ENTRIES PROVIDED
+--
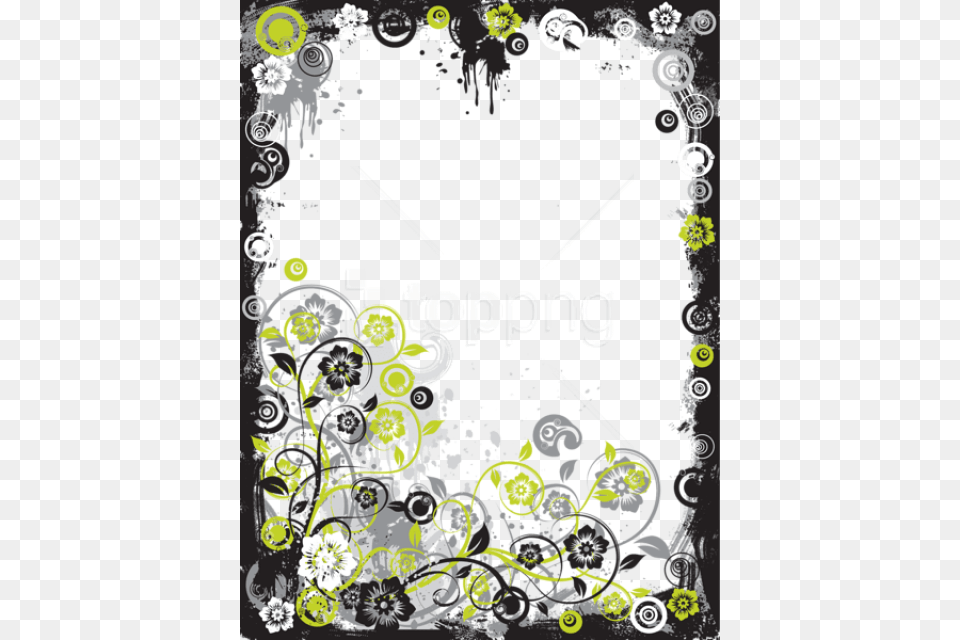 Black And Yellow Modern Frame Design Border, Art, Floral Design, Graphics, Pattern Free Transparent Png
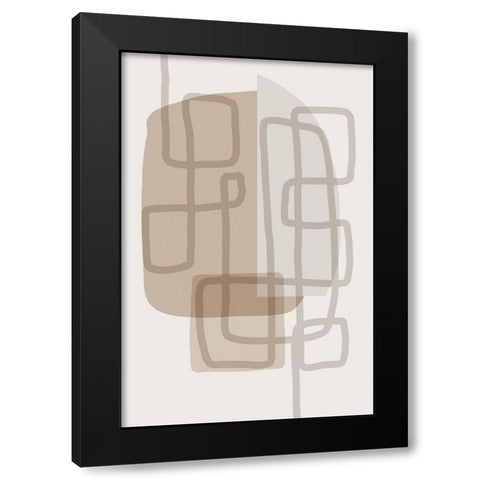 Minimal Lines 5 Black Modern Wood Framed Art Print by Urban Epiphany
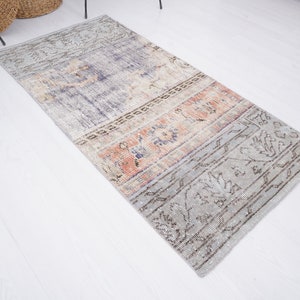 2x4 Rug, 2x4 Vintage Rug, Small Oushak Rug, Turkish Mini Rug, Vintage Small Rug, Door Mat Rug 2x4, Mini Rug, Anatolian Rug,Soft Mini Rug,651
+--
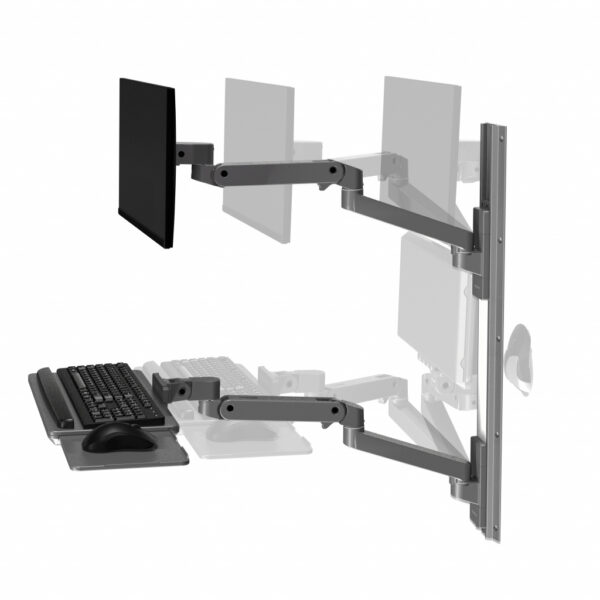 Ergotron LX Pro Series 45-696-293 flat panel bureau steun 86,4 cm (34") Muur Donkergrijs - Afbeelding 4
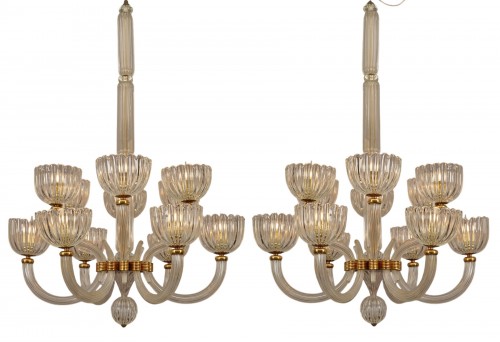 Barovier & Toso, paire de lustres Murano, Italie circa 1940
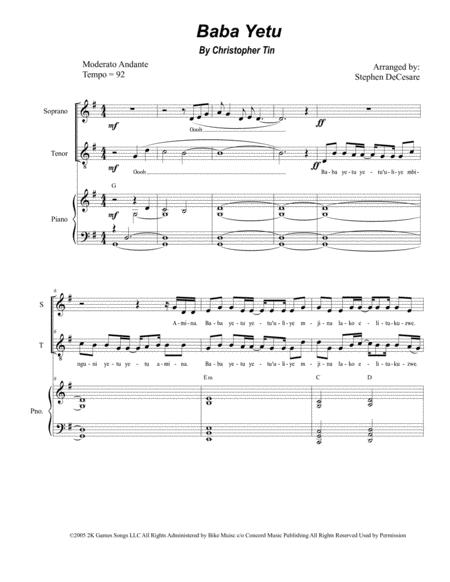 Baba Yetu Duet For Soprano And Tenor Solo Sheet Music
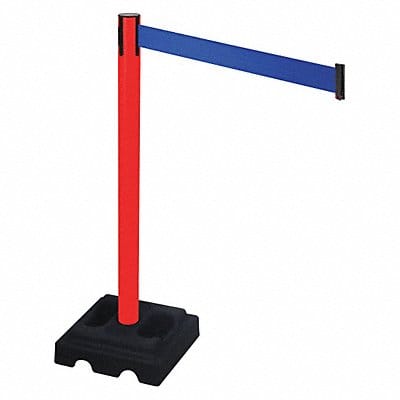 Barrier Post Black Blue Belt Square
+--
DIRECTIONS
Leaving all pictures out, output exactly the lines of the material above from the line with "Ergotron LX Pro" to the line with "Barrier Post Black Blue Belt Square", both included.

THE COMPLETED TASK
 Ergotron LX Pro Series 45-696-293 flat panel bureau steun 86,4 cm (34") Muur Donkergrijs - Afbeelding 4
 Barovier & Toso, paire de lustres Murano, Italie circa 1940
 Baba Yetu Duet For Soprano And Tenor Solo Sheet Music
 Barrier Post Black Blue Belt Square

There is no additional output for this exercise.